[Extracted data entries]
_____

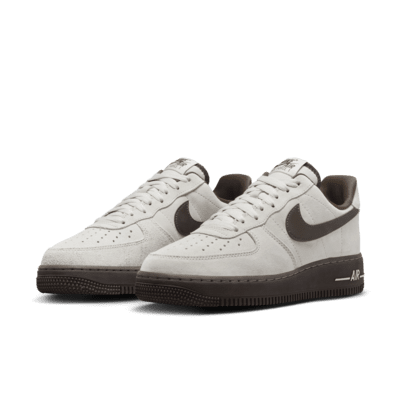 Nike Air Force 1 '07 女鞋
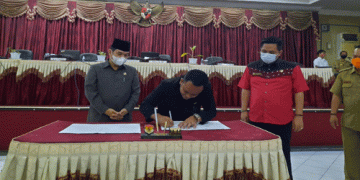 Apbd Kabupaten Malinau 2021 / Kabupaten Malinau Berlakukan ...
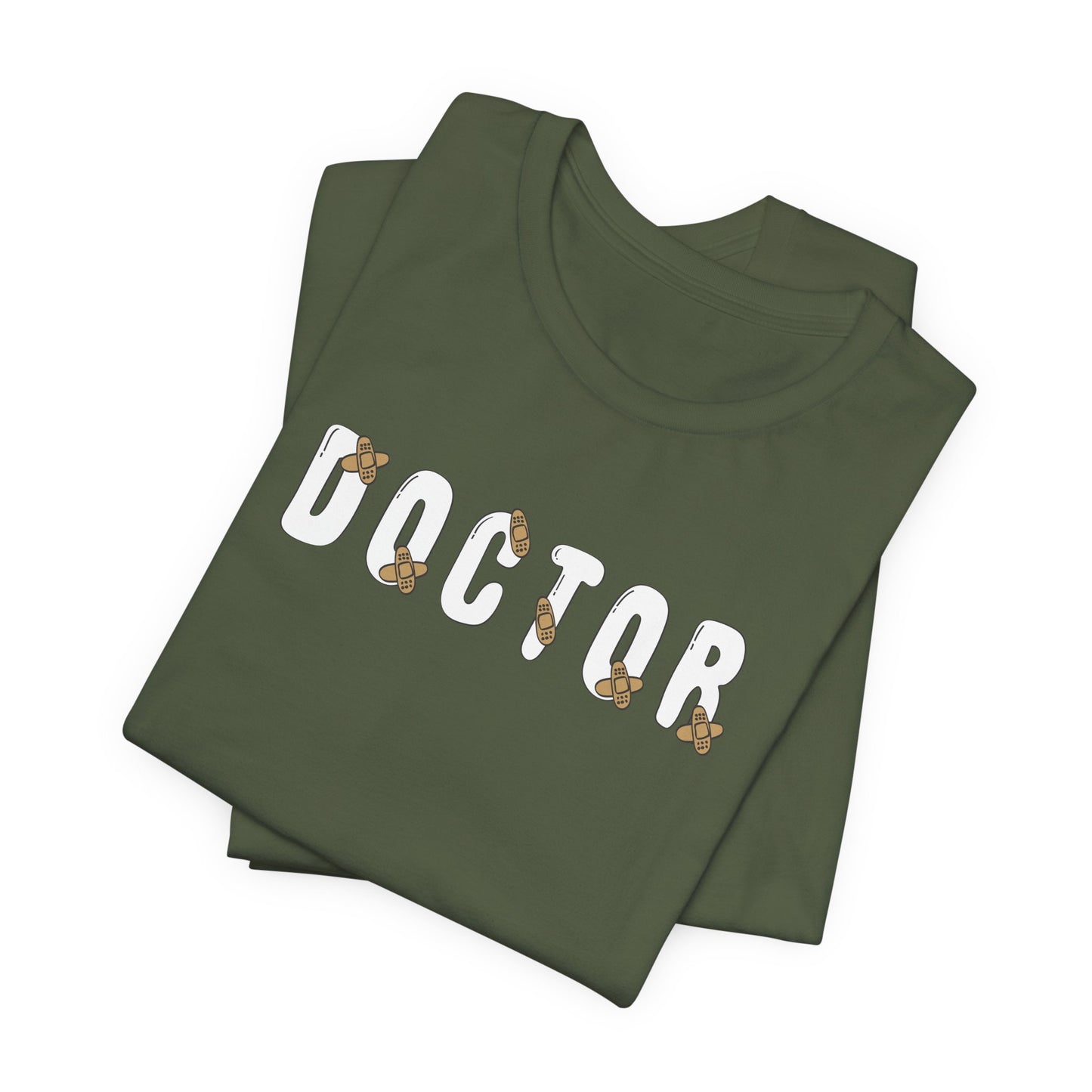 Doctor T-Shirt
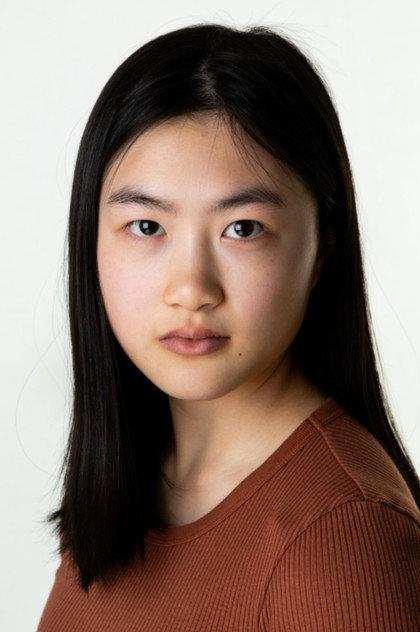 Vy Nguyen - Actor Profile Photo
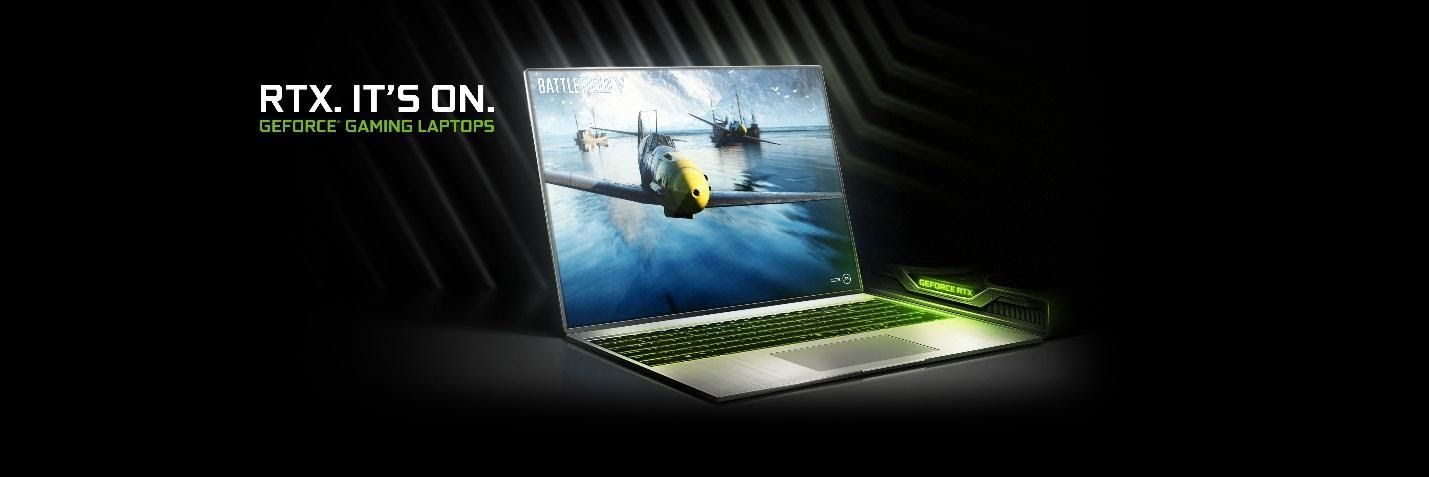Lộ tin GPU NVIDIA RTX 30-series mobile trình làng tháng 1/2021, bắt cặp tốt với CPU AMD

_____

§ **WORK TO COMPLETE**
Repeat the records word for word. Leave out whatever pictures they hold.

§ **EXPECTED ANSWER**
 Nike Air Force 1 '07 女鞋
 Apbd Kabupaten Malinau 2021 / Kabupaten Malinau Berlakukan ...
 Doctor T-Shirt
 Vy Nguyen - Actor Profile Photo
Lộ tin GPU NVIDIA RTX 30-series mobile trình làng tháng 1/2021, bắt cặp tốt với CPU AMD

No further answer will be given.